La respuesta de Jesús a Juan (y a nosotros) no se hace esperar: “No se lo impidáis, porque uno que hace milagros en mi nombre no puede luego hablar mal de mí. El que no está contra nosotros está a favor nuestro”. Si estamos actuando en nombre de Jesús, ¿cómo podemos estar en contra de que otros lo hagan? ¿Acaso pretendemos tener el monopolio de la persona y el nombre de Jesús?

A veces se nos olvida que el Espíritu reparte sus carismas según lo estima necesario para el funcionamiento de la Iglesia, que no es otra cosa que el pueblo santo de Dios reunido en su nombre. ¿Quiénes somos nosotros para dictar a quién o quiénes el Espíritu reparte sus carismas?

¡Ojalá todos tuvieran el carisma de profetizar, o de hablar en lenguas, o de interpretarlas, o de enseñar, o de la oración, o de hacer milagros, o de tantos otros múltiples carismas que el Espíritu pueda estimar necesarios para el buen funcionamiento del Cuerpo místico de Cristo!

Pidamos al Señor que derrame su Espíritu sobre toda su Santa Iglesia, y alegrémonos cuando veamos a nuestros hermanos desarrollar los carismas que ese Espíritu ha dado a cada cual y ponerlos al servicio del Pueblo de Dios.

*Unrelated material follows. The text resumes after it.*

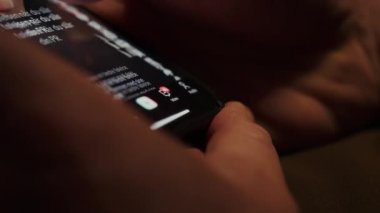 Cep telefonu ekranındaki sosyal medya kaynaklarında gezinen ellerin yakın plan görüntüleri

Sin adelantar juicios que en este espacio limitado no podemos abordar, este pasaje también debe llevarnos a reflexionar sobre el papel de aquellas otras confesiones cristianas que con pleno convencimiento y de buena fe predican, en nombre de Jesús, el mensaje de la Buena Noticia del Reino. ¿Se lo vamos a impedir porque no son “de los nuestros? “…para que todos sean uno. Como tú, Padre, en mí y yo en ti, que ellos también sean uno en nosotros, para que el mundo crea que tú me has enviado” (Jn 17,21).